NH1 news director Robb Atkinson said, “Binnie’s fund-raiser activities are personal in nature and do not carry the endorsement of NH1 News.’’
James Pindell
Register of deeds candidate targets Murphy
The low-key race for Suffolk County Register of Deeds just got testy.
It started when candidate Katherine Forde, a 33-year-old Roslindale resident, singled out former Boston city councilor Stephen J. Murphy in a crowded field, calling him a serial campaigner.
“Voters are ready for an alternative to Steve Murphy,’’ read the subject line on Forde’s Monday e-mail to supporters.
While the e-mail text did not mention Murphy by name, Forde said that she raised $10,000 for her campaign from people who are “tired of the same group of politicians running for every office on the ballot.’’
They deserve a “genuine voice’’ and not “an opportunist who is running for a paycheck and the pension,’’ Forde wrote in another e-mail.
Murphy shot back.
“This is nothing but a cheap political attack by someone [who is] a candidate for register of deeds,’’ Murphy said in a statement.
Murphy has had several unsuccessful campaigns — sheriff, state treasurer, state representative, failed bids for the council. He served as councilor, beginning in 1997 until he lost reelection in November. Now he is seeking to fill a vacancy created after Francis “Mickey’’ Roacheresigned as register of deeds in January.
Forde, a paralegal, said she noticed Murphy campaign signs popping up in West Roxbury and Jamaica Plain. But people have been telling her they want a fresh face in office, Forde said, and she targeted Murphy because his name is the most recognizable among the challengers.
“I singled him out because obviously I see myself as a viable candidate to him,’’ she said. “I’ve been . . . hearing from people that they are sick of him running for office.’’

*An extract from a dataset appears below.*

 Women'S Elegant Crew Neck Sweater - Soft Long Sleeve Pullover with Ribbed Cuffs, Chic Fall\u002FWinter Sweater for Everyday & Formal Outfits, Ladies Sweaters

Asked to respond, Murphy preferred to talk about his current campaign.
“Instead of attacking those who are also running for this vacancy, I am working to meet people in Boston, Chelsea, Revere, and Winthrop, talking about my candidacy and informing people about the many aspects of how the office of the Registry of Deeds works,’’ he said.

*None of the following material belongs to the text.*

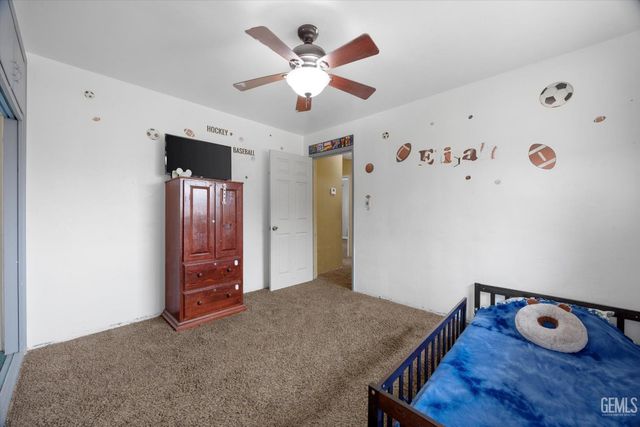 2901 Berkeley Street, Bakersfield, CA 93305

The other candidates are Democrats Stephanie L. Everett, Michael B. MacKan, Paul F.Nutting Jr., and Jeffrey Michael Ross and Douglas Bennett, both of whom have campaigned in previous elections. Also on the ballot are Joseph M. Donnelly Jr., Margherita Ciampa-Coyne, and John A. Keith, state records show.
The preliminary election is Sept. 8. The general election is Nov. 8.
Meghan E. Irons
Graduation, starring Dad
For many, the college commencement ceremony — and the diploma that comes with it — marks a big step into adulthood. So who better to deliver the graduation day address than . . . your father?
AJ Baker, one of Governor Charlie Baker’s three children, will hear his dad’s advice on Sunday as he graduates with more than 550 students at Union College in Schenectady, N.Y.
Baker, himself a graduate of Harvard College, will be the featured speaker and receive an honorary doctorate of laws degree from Union during the college’s 222nd commencement.
The governor is no stranger to offering advice to a graduating class that happens to include one of his children. In 2015, he spoke at his daughter Caroline’s high school graduation at the Governor’s Academy in Byfield, a private school.